> [Try it]: Leave every image behind and restate the data word for word.

> [Material provided]:
■ ■ ■ ■ ■
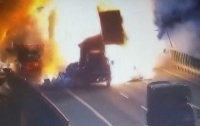 В Китае столкновение двух грузовиков привело к мощному взрыву (видео)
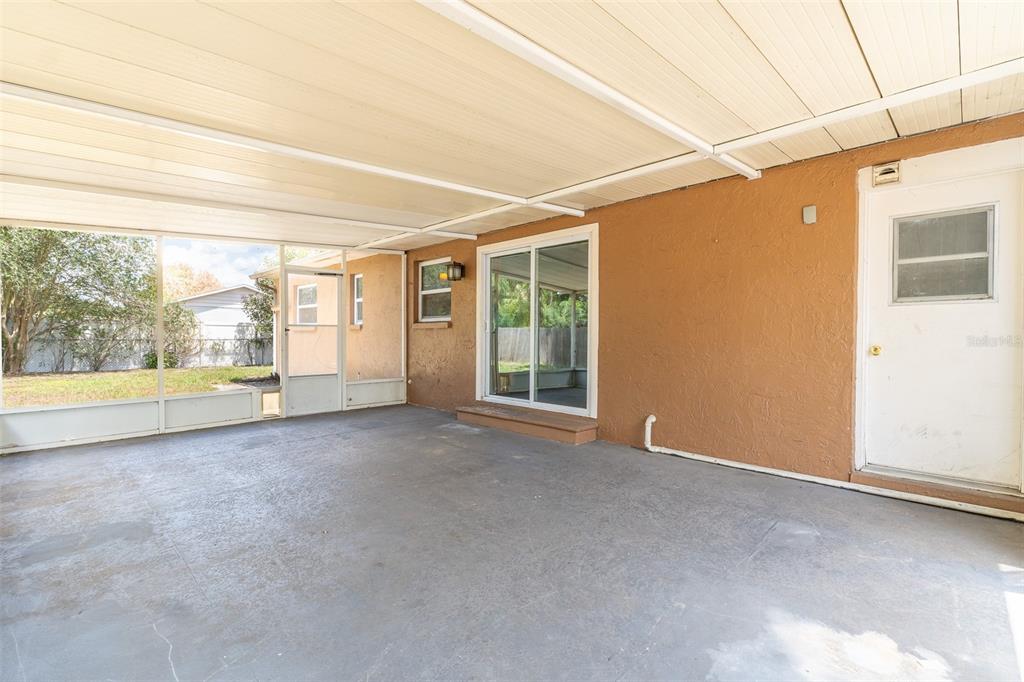 614 East Wheeler Road Seffner, FL 33584 - Photo 17 of 19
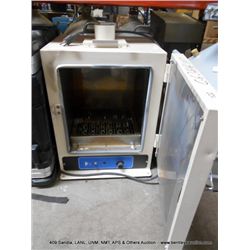 VWR 1300U OVEN (print sequence:) 36646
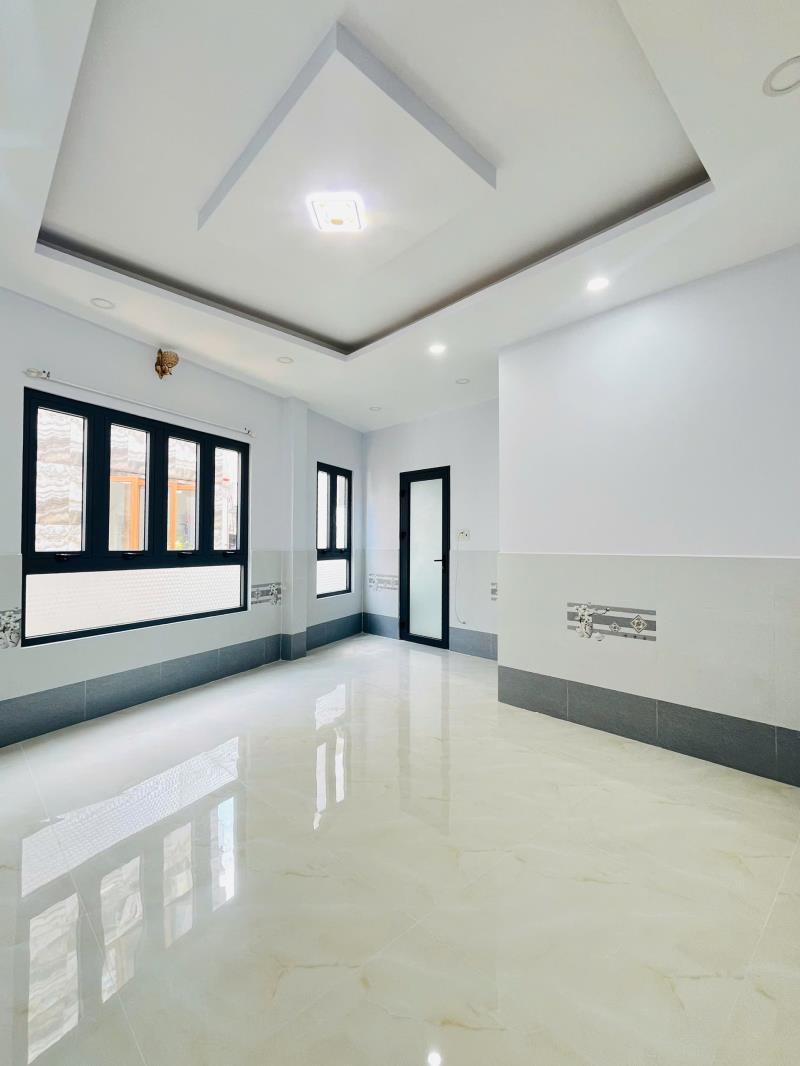Cho thuê nhà 513/1l điện biên phủ q3 cách mt 20m -1 trệt 3 lầu, 2-3 pn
■ ■ ■ ■ ■
> [Answer]:
 В Китае столкновение двух грузовиков привело к мощному взрыву (видео)
 614 East Wheeler Road Seffner, FL 33584 - Photo 17 of 19
 VWR 1300U OVEN (print sequence:) 36646
Cho thuê nhà 513/1l điện biên phủ q3 cách mt 20m -1 trệt 3 lầu, 2-3 pn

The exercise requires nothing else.